It has conducted several varieties of censuses as part of national and state planning process. The decision making agencies in the government utilize the services provided by this department. The Directorate units are grouped into the following functional areas of the related activities
The quinquennial livestock census provides information on various categories of livestock, poultry, agricultural implements and machinery as well fishing craft and tackle. This data aids the planning for the development of the animal husbandry sector and for the betterment of the lives of the poor who constitute a large proportion of workers in this sector. The importance of this census may be gauged by the fact that this is the first census, other than the population census, to be taken up and that it is being conducted all over India since 1921. The Census covers all animals living classifying them by the level of their utility. For instance cattle are classified among working, breeding, and milk yielding and their counter bodies in each category. They are also classified by age. This data helps studies of changing composition of livestock holdings. Poultry is classified by variety and breed in each category. Information on fisherman households and fishing craft and tackle provide a wealth of information on the sector helping evolve plans for the up liftment of this particularly poor section of population.
Census of minor irrigation sources is conducted once in 5 years. This work consists of organizing the census, collecting data in prescribed forms, compiling it using computers and publishing the data on minor irrigation. Monitoring the progress of minor irrigation in the state by obtaining quarterly reports from concerned departments is another part of this work. Special studies are conducted to estimate area irrigated by various minor irrigation sources, potential created and utilized etc.
The Economic Census is a comprehensive listing of all enterprises other than those engaged in crop production. It covers own account enterprises (those that do not employ any hired labour) and establishments (those that employ hired labour). While it covers all enterprises including the large ones in the administration and organized sectors, it is the only comprehensive source of unorganized and small enterprises and self employed persons in all sectors it provides information on ownership and employment, seasonality, using or not using premises, use of power, etc. It serves as a sampling frame for follow up surveys on unorganized manufacturing, trade, transport etc. to provide per worker earnings which are used in the Gross Domestic Product Estimates and elsewhere. Four Economic Censuses have been conducted so far starting with 1976-77. The second and the third EC were conducted along with the house listing operations of the decennial population census. The Fourth EC has been conducted in 1997 independent of the house listing operations.
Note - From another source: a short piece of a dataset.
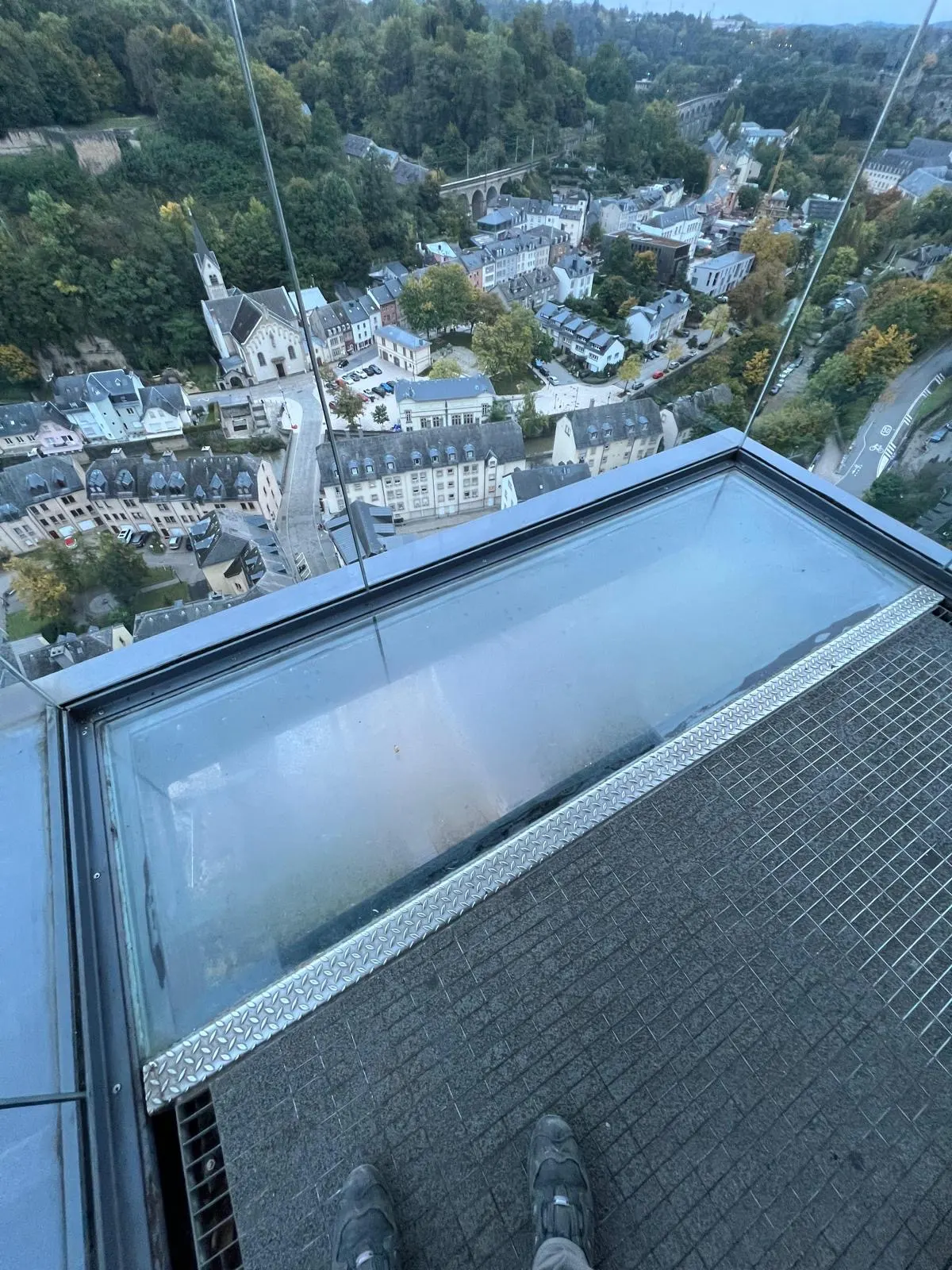 Remplacement d'une dalle de sol vitrée grand format dans l'ascenseur panoramique du Pfaffenthal — dalles en verre Luxembourg — Vitralux Bradtke (photo 6)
The Census of Public Employment covering state government, local bodies, state public sector undertakings and universities is conducted once in five years. Information is updated through quarterly returns for the mid-censal period. This information flow is found useful for evolving manpower plans for the State and to estimate costs of decisions regarding compensation to employees, age of retirement etc.
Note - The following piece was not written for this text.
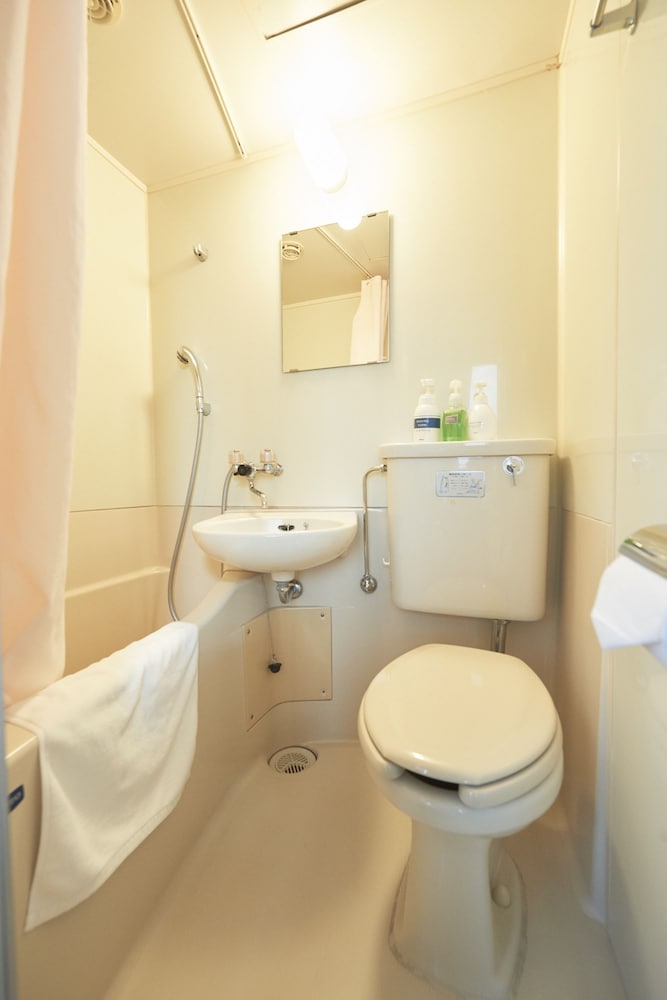 ダブルルーム セミダブルベッド 1 台 喫煙可 バスルーム0 | ホテルセレクトイン古川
This work consists of participating on a matching sample basis in socio-economic surveys on selected topics conducted by Nation Sample Survey Organization (NSSO) of Government of India. The sampling design and schedules of the NSSO are used. The Surveys provide estimates of data on selected socio-economic and other features of household conditions like health morbidity and mortality, education, employment and unemployment, patterns of consumption and consumption expenditure, and many aspects with accuracy suitable for use at state level.
The surveys are conducted in rounds of one year duration and sub-rounds of three months. Topics to be covered are fixed in ten year cycle with consumption expenditure information being covered every year in a thin sample in addition to the once in five year large sample. Necessary training on concepts and definitions and how to fill the schedule is imparted to field staff at the beginning of each round of survey. The data is collected in prescribed schedules by field staff visiting selected sample units. There is a rigorous schedule of supervision/inspection and scrutiny. The results of the surveys are published in reports for each round/sub-round. The data obtained are found useful for economic planning and policy decisions of the Government.